DATA FOR REVIEW:

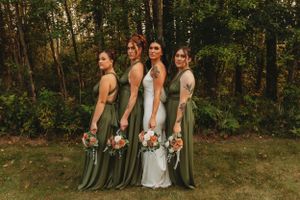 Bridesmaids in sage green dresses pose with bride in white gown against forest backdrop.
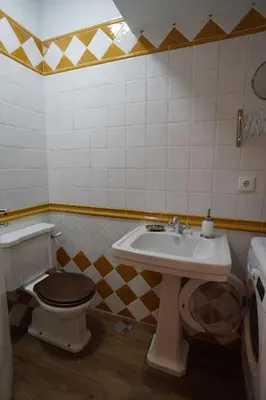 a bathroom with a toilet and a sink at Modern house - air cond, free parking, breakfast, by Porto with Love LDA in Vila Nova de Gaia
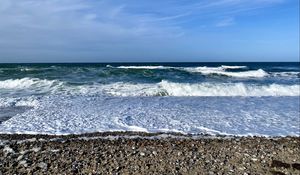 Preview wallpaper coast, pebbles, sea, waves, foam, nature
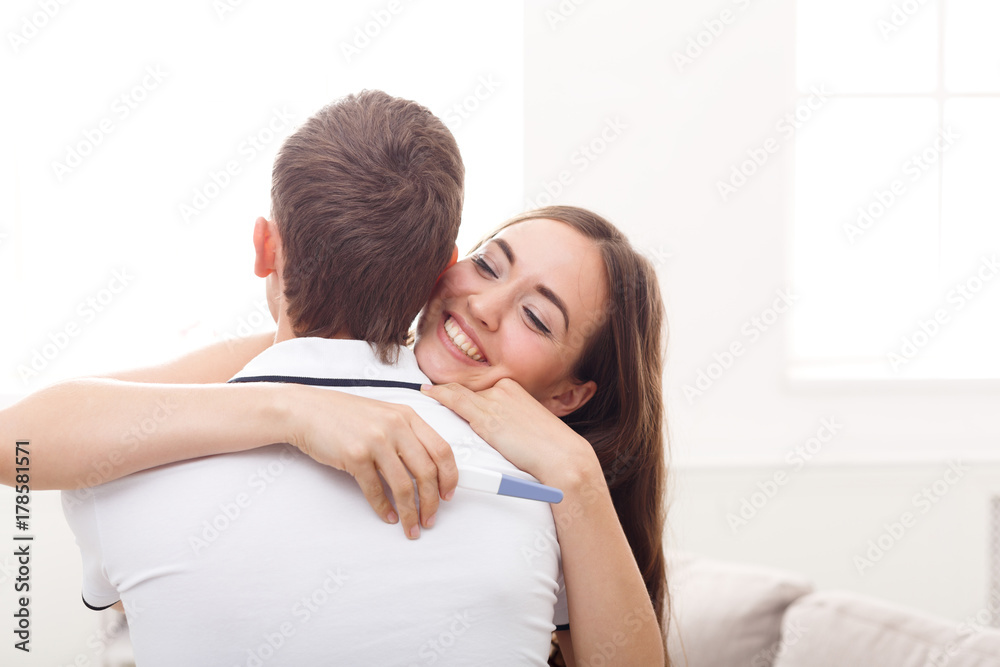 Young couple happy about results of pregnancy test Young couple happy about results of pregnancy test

==

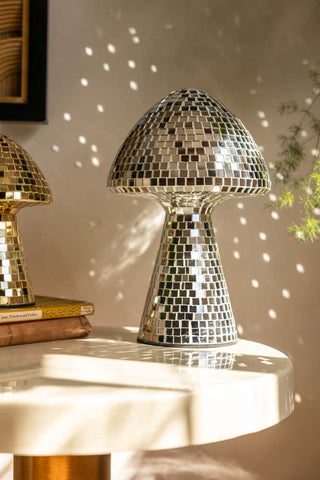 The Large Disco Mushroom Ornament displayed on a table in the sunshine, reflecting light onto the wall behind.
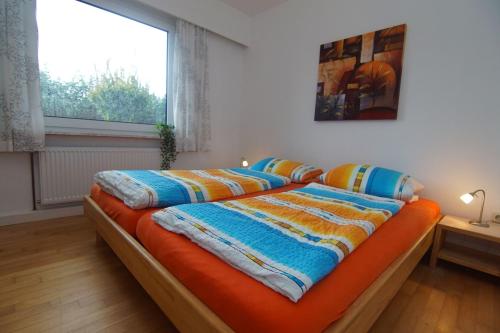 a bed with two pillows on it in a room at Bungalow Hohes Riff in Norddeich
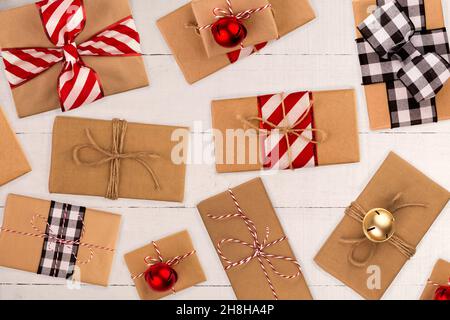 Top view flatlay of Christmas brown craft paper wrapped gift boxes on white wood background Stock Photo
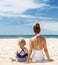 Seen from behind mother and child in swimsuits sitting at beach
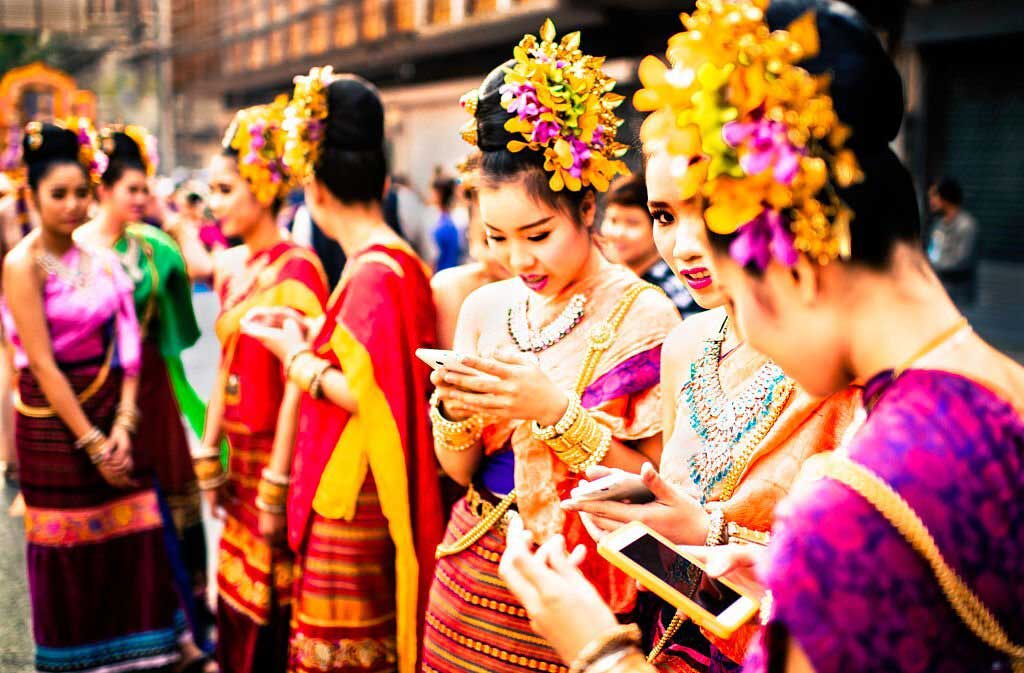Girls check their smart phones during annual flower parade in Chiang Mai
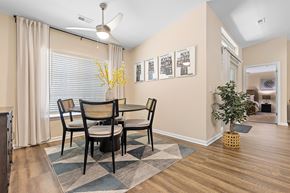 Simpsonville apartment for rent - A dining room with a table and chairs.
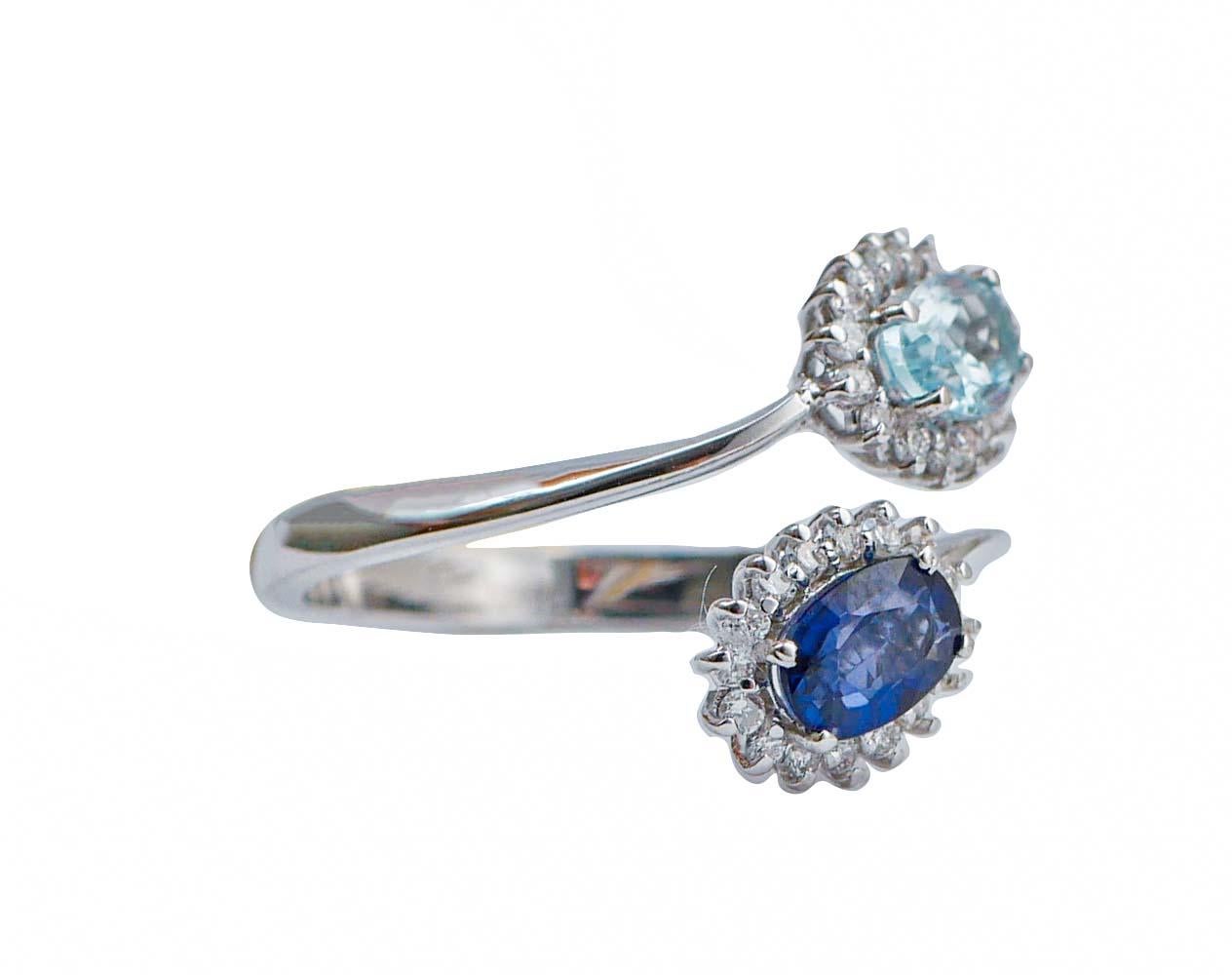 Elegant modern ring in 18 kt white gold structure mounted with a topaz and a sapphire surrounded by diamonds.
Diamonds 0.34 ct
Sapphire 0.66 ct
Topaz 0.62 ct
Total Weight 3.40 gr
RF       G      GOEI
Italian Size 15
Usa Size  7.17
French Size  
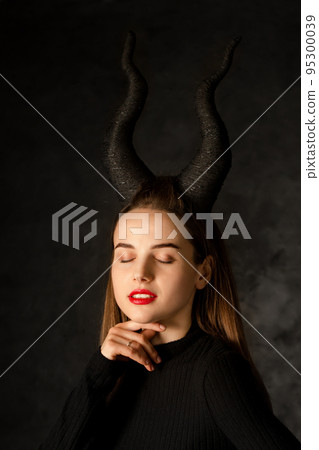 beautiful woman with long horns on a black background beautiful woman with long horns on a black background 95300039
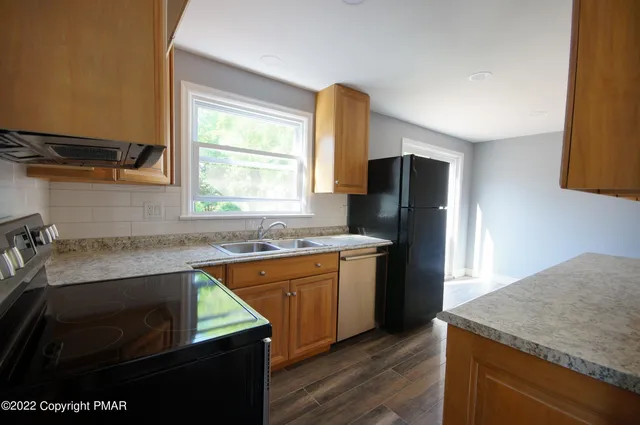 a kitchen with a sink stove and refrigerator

...

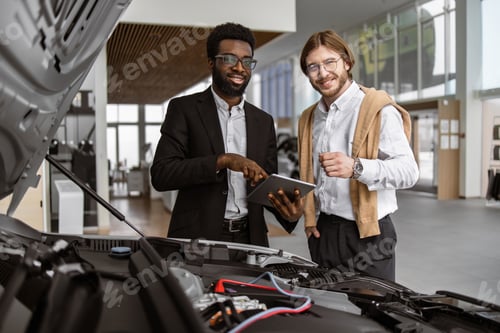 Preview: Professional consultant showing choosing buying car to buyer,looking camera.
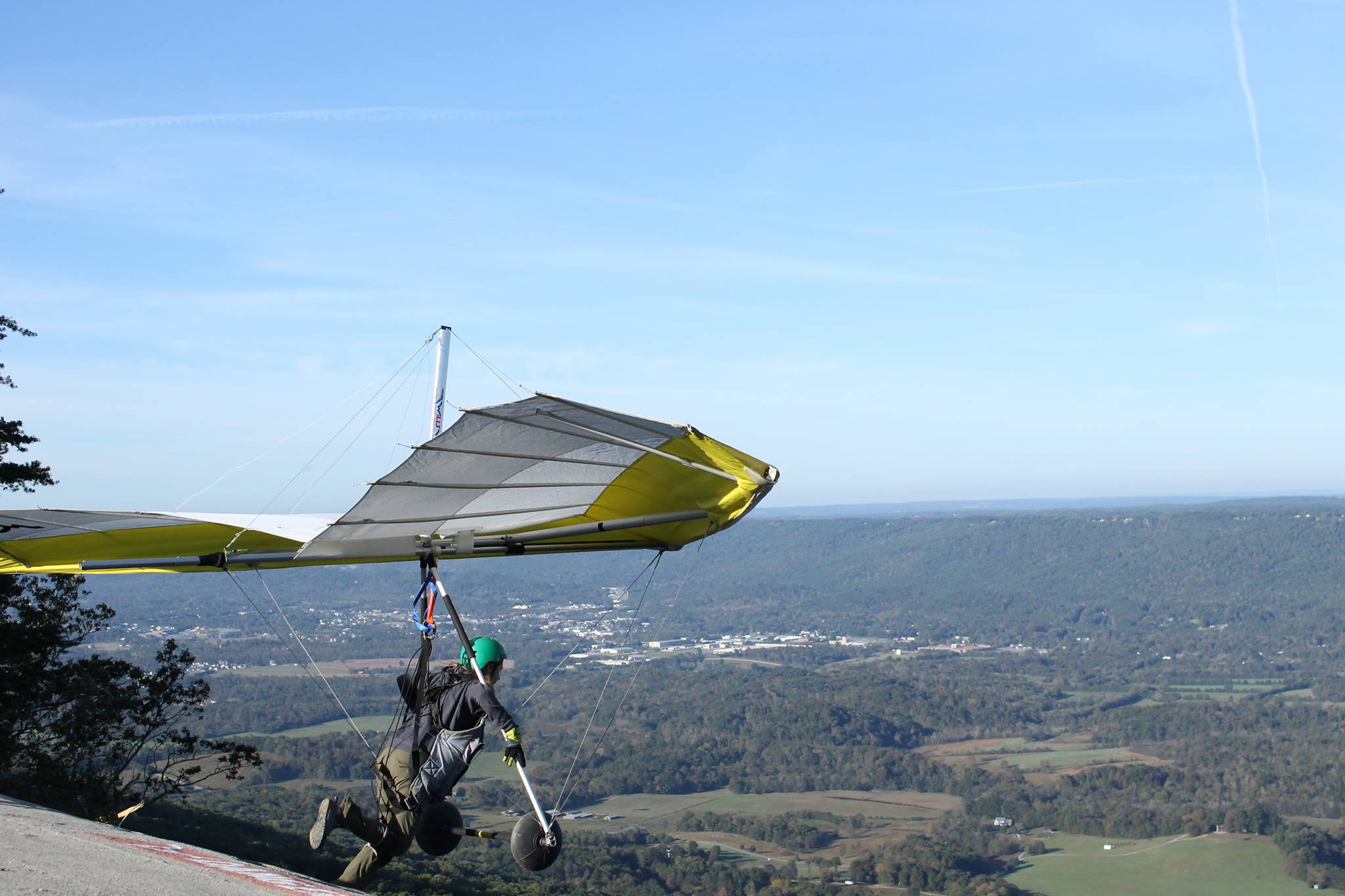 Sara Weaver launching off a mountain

TASK GOAL: Exactly reproduce the lines above, starting at the one that contains "Preview wallpaper coast, pebbles, sea, waves, foam, nature" and ending at the one that contains "Young couple happy about results of pregnancy test Young", both inclusive; leave the pictures out and add no other lines.

TASK SOLUTION:
 Preview wallpaper coast, pebbles, sea, waves, foam, nature
 Young couple happy about results of pregnancy test Young couple happy about results of pregnancy test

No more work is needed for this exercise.